One of Motorcycling's best enginesThe page is a collection of information about the Yamaha XV-based bikes gathered during my happy years of Virago1000 ownership.


Enlarge Click on the XV750SE image for a browser-window-sized enlargement. Click on the following link to zoom in on the engine cutaway only. Right-click (or control-click Mac) on this one to download a high-resolution image of the whole bike (294KB).
(Thanks to Alan for the XV750 image)


The scans below are from Two Wheels Magazine (Australia) of September 1981, detailing the XV1000RH's victory in their annual Bike of the Year award. The XV1000 was sold in Europe as the TR1, and in the US as the XV920. 1982 models came with the RJ suffix and slightly revised bodywork.
Also given highly favourable review in the 1981 Two Wheels award was the new XV750RH, described on the third page below.
These scans are medium-high-resolution JPEGs. I suggest right-clicking (or control-clicking, Mac) the thumbnails below to download the images (307, 230, 285KB respectively).

Cover Page 36 Page 37
Notice typographical error on cover above: "GPZ100" should be "GPZ1100".


BT1100 Bulldog Test

First test ride of the BT1100 Bulldog by Australian Motorcycle News, August 3, 2001.




A very pretty XV920 cafe racer.





Other Links

A note for owners of the earlier XVs, TR1s and Viragos with Hitachi Carburetors
I found that my linkages had worn to the point that I could not get the carbies synchronised. If you have a bike with higher mileage and are experiencing difficulty getting it tuned right, this could be your problem.
Enlarge Ordinarily, wear in the mechanisms that link the two carbies can be taken up with the adjustment screw that you use to synchronise the carbies (consult a workshop manual). However, I discovered that the wear had become significant enough on my bike that the adjustment screw was all the way in. Its anti-vibration spring was compressed as far as it could go and was binding against itself. You will have to take the carby assembly out of the bike using this procedure, (but don't split them apart!). Just undo the synchronising adjustment screw so that you can remove the spring. Either replace it with a more loosely-wound item that will not bind so quickly, or put a longer screw in there, or do as I did and find a rubber grommet to shove in place of the spring. This should give you another decade of breathing space before having to figure out something more ideal.
If your bike is a Virago, you might also notice that the screw is nigh-on impossible to access with a screwdriver because of the frame backbone, etc. I made tune-up time easier for myself by grinding the screw's head into a quarter-inch square shape. Instead of using a screwdriver on it I now use a small quarter-inch socket extension (in reverse) hooked up to a universal (or swivel-type) joint, followed by a long extension. This lets me get hold of the screw firmly and route my long socket extension at an angle so that it pokes out the left side of the bike, clear of the frame. I grab the outer end with an ordinary open-ended spanner, or whatever is handy, and tune away. I sync the carbies by feel and by ear instead of using gauges, which takes a bit of practice but works very well (these engines are pretty forgiving anyway). However, I find that a small fraction of a turn makes a big difference, so go easy.

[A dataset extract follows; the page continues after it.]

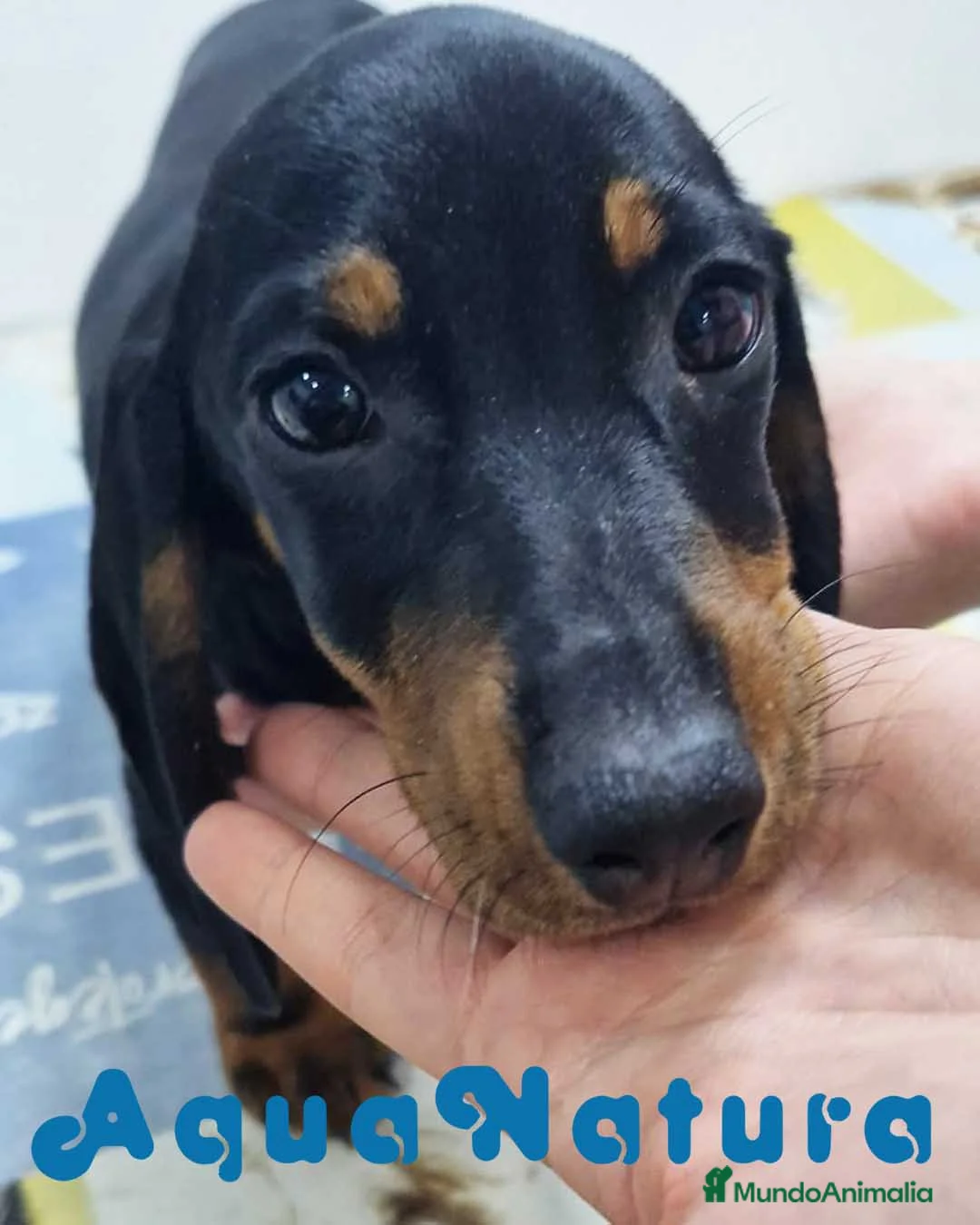 Teckel perros en venta: Teckel Hembra 9972 - AQUANATURA en Barcelona - Anuncio 5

My use of flatter, narrower handlebars
In reply to question from Jeremy on the Virago listserver:

Enlarge The flatter bars are fantastic. Mine are quite narrow too. They really transform the feel of the bike without sacrificing its relaxed attitude. Suddenly you're not holding onto a big boat tiller with its wobbly, overly-sensitive input and windsock effect. The handling feels much tighter and neutral. Surprisingly, I'd say the seating posture is hardly changed—at least as far as the old back goes. It's really only the position of the arms that changes. My back still gets hammered on sharp bumps when riding solo. More forward lean would help spare the spine, but it wouldn't suit the footpeg position or the instrument location, etc.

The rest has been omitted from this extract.